- **REQUIRED WORK**:
Would you retype the line that contains "清宫丸正品拉线草本抑菌清洁养巢丸女性私密护理保养清洗液" and all lines following it to the end of the entries below, exactly and without pictures?

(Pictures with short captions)

»»

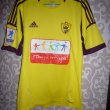 Home voetbalshirt  2012 - 2013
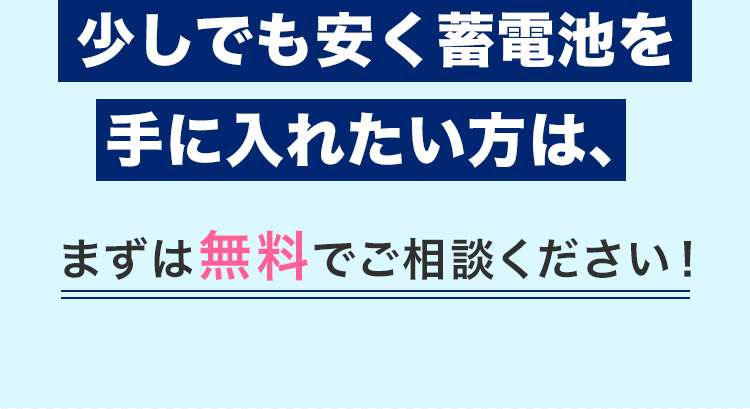 少しでも安く蓄電池を手に入れたい方は、まずは無料でご相談ください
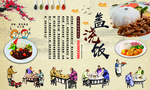 盖烧饭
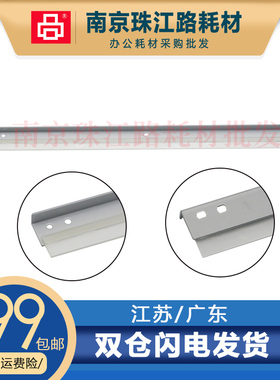 适用 京瓷 C2550ci C2551ci 彩机鼓芯刮板 刮刀 刮片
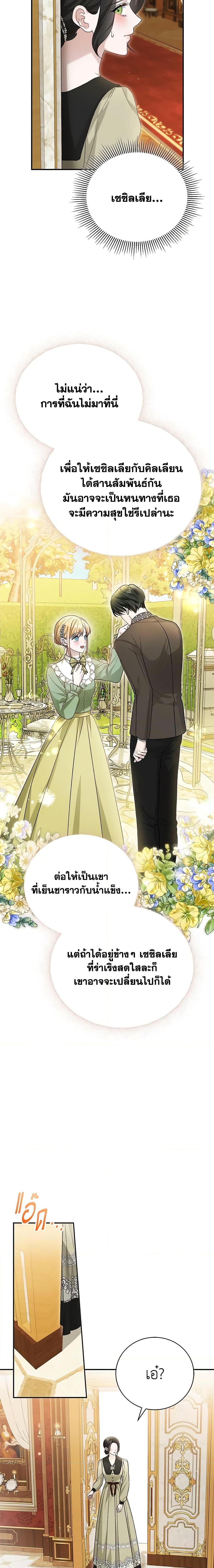 อ่านมังงะ The Mistress Runs Away ตอนที่ 64/9.jpg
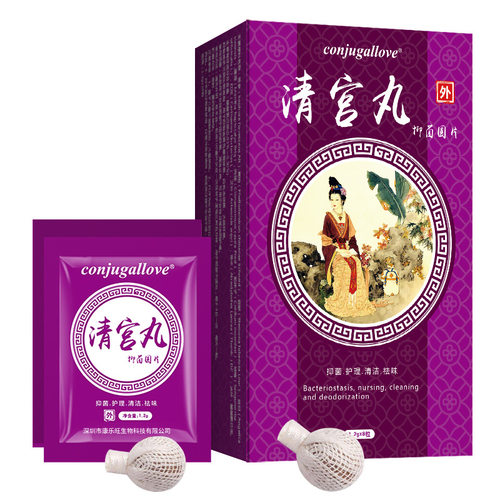 清宫丸正品拉线草本抑菌清洁养巢丸女性私密护理保养清洗液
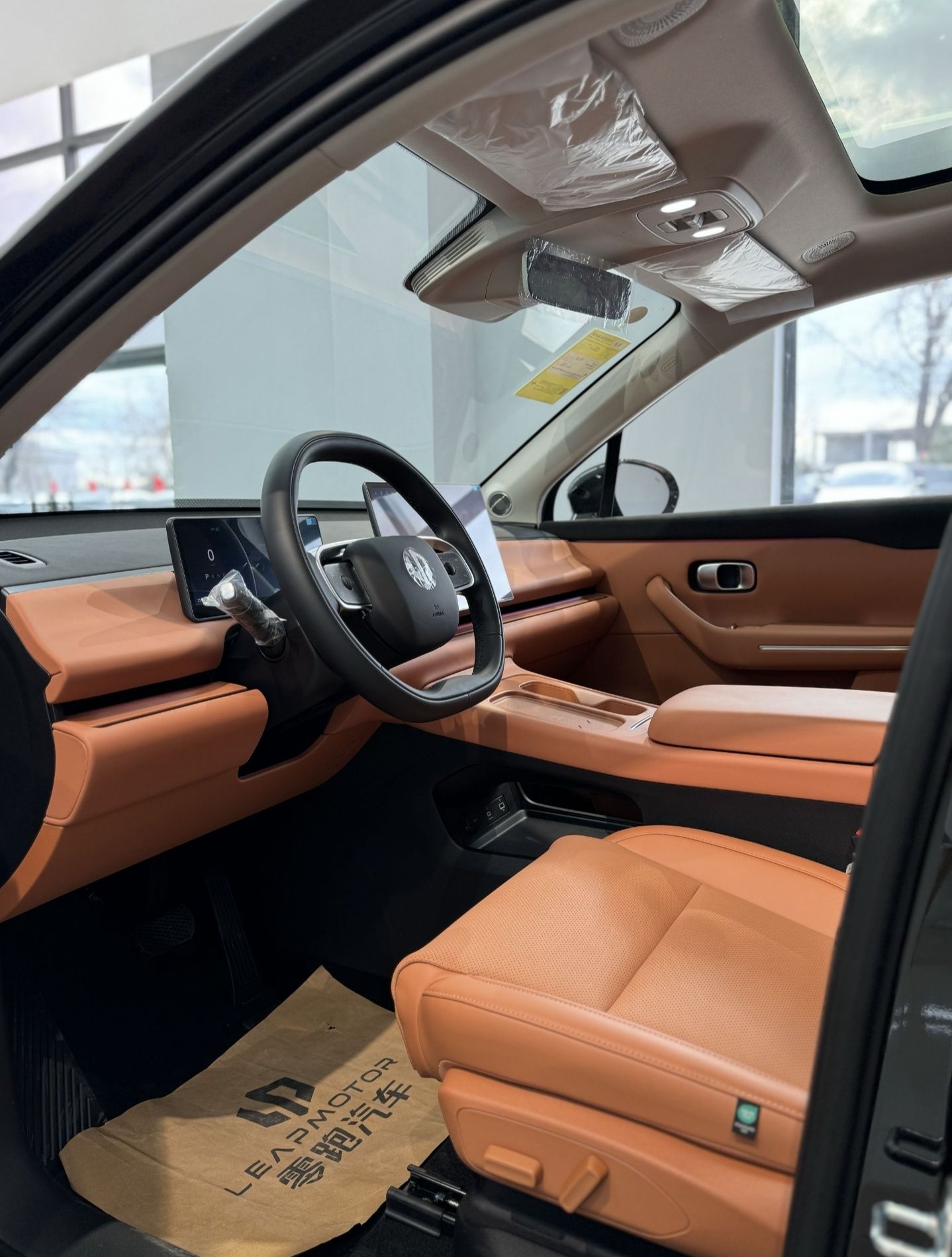 C16 leapmotor hybrid 200km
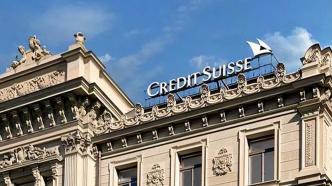 瑞士检察官调查瑞士信贷收购案，30%银行员工或因收购被裁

««

- **TASK RESULT**:
 清宫丸正品拉线草本抑菌清洁养巢丸女性私密护理保养清洗液
 C16 leapmotor hybrid 200km
 瑞士检察官调查瑞士信贷收购案，30%银行员工或因收购被裁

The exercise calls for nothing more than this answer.